Looks like the SEC was sniffing around a few months ago:
Mail Stop 4561
November 21, 2008
Mr. James C. Fields
President and Chief Executive Officer
LocatePLUS Holdings Corporation
100 Cummings Center, Suite 235M
Beverly, Massachusetts 01915
Re: LocatePLUS Holdings Corporation
Form 10-KSB/A for the Fiscal Year Ended December 31, 2007
File No. 000-49957
Dear Mr. Fields:
We have reviewed your response letter filed on November 13, 2008 in connection with the above-referenced filings and have the following comments. If indicated, we think you should revise your document in response to these comments. If you disagree, we will consider your explanation as to why our comment is inapplicable or a revision is unnecessary. Please be as detailed as necessary in your explanation. In our comments, we may ask you to provide us with supplemental information so we may better understand your disclosure. After reviewing this information, we may raise additional comments. Unless otherwise noted, where prior comments are referred to they refer to our letter dated October 23, 2008.
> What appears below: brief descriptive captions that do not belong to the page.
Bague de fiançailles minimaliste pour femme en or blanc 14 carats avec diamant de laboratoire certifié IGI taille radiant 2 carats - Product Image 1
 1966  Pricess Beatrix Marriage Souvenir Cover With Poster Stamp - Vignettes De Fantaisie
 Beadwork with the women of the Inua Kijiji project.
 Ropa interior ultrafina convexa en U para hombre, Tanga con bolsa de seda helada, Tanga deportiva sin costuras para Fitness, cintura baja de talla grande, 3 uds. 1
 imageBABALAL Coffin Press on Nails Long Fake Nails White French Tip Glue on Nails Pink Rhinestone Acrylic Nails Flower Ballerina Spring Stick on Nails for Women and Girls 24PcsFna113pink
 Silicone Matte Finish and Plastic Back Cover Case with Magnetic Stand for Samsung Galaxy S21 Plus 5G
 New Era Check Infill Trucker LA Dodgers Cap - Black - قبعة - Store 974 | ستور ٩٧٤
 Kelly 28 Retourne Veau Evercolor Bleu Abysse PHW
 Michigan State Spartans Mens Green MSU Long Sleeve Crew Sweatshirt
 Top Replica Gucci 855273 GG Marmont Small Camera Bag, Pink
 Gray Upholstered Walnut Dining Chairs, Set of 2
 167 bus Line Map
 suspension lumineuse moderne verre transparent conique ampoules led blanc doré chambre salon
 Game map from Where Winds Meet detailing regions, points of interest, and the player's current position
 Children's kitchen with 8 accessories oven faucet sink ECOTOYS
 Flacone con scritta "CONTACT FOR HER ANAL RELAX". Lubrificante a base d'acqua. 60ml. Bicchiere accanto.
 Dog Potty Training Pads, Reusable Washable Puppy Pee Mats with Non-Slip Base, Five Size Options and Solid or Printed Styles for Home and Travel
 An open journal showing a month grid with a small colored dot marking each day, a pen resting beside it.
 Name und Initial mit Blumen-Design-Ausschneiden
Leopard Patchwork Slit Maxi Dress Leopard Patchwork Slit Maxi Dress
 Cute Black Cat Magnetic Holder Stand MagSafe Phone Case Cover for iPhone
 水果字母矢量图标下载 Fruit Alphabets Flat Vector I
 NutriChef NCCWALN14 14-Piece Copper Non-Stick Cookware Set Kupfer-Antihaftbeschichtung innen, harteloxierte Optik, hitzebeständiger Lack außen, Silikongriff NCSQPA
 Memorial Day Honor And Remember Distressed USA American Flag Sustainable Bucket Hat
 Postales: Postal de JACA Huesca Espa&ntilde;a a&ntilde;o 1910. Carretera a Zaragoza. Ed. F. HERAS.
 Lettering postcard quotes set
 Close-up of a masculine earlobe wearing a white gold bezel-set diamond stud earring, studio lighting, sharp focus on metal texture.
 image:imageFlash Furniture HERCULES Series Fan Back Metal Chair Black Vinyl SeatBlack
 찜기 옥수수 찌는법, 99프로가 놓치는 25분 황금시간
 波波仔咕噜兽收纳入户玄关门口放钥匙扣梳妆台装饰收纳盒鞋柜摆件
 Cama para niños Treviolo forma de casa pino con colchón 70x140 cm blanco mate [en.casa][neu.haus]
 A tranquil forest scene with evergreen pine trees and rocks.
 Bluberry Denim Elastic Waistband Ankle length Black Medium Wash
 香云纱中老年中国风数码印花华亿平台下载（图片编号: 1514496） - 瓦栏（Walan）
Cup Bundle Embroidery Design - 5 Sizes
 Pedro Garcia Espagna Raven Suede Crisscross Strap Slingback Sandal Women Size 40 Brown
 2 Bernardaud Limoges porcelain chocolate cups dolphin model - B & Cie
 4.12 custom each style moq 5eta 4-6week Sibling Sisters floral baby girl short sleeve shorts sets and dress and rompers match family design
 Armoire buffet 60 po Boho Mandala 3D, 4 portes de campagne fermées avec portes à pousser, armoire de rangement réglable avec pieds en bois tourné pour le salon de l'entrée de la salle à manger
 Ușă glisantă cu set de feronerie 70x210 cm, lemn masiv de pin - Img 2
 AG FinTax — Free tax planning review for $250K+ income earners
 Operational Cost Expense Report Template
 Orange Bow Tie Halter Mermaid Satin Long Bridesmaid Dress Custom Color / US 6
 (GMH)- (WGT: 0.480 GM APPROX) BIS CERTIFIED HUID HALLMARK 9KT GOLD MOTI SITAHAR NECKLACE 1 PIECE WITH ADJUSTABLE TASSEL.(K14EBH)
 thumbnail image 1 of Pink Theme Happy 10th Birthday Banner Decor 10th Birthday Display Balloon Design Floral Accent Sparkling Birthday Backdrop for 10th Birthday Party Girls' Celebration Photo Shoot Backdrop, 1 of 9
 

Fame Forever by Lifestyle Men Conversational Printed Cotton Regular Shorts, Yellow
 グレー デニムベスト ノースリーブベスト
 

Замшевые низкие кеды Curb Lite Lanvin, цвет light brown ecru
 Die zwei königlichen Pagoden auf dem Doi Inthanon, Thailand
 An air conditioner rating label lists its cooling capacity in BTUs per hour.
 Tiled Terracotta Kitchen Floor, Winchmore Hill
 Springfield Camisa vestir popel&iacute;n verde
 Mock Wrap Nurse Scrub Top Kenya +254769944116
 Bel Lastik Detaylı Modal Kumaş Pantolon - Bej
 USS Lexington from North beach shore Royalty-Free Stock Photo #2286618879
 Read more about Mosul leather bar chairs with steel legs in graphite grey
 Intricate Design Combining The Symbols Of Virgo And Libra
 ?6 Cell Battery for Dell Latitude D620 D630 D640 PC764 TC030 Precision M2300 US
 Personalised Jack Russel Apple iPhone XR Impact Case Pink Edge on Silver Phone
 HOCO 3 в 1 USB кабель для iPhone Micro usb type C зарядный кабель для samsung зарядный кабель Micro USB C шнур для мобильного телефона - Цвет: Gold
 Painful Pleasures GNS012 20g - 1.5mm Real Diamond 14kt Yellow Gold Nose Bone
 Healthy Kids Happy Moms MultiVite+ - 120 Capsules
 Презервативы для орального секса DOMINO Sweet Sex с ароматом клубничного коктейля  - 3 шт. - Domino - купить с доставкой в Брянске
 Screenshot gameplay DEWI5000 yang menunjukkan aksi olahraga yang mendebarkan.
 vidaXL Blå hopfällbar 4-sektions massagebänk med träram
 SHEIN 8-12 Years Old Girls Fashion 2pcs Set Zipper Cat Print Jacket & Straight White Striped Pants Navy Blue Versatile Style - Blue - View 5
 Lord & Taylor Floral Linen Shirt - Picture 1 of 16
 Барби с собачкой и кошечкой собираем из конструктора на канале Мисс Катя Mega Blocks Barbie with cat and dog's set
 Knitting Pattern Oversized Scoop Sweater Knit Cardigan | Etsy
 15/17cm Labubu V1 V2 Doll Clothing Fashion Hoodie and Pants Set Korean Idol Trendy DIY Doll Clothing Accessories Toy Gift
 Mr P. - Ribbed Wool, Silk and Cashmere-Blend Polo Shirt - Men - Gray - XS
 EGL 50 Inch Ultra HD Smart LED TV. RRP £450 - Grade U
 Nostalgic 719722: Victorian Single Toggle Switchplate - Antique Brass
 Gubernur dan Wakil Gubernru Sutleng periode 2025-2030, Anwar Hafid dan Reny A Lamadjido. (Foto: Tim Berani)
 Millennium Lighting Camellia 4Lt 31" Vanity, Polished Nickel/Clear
Form 10-KSB/A for the Fiscal Year Ended December 31, 2007
Item 8a – Controls and Procedures
1. Your revised disclosures indicate that your management evaluated the effectiveness of your internal control over financial reporting based on the standards and framework established by COSO. However, your response to prior comment 2 indicates that your evaluation “do[es] overlap in some areas the framework of internal control established by the Committee of Sponsoring Organizations of the Treadway Commission (COSO).” Please confirm, if true, that the framework used conforms with the COSO framework. As we previously communicated in prior comment 2, if the framework used by management does not meet the requirements of Section II.B.3.a of SEC Release No. 33-8238 you should re-perform your assessment using a conforming framework.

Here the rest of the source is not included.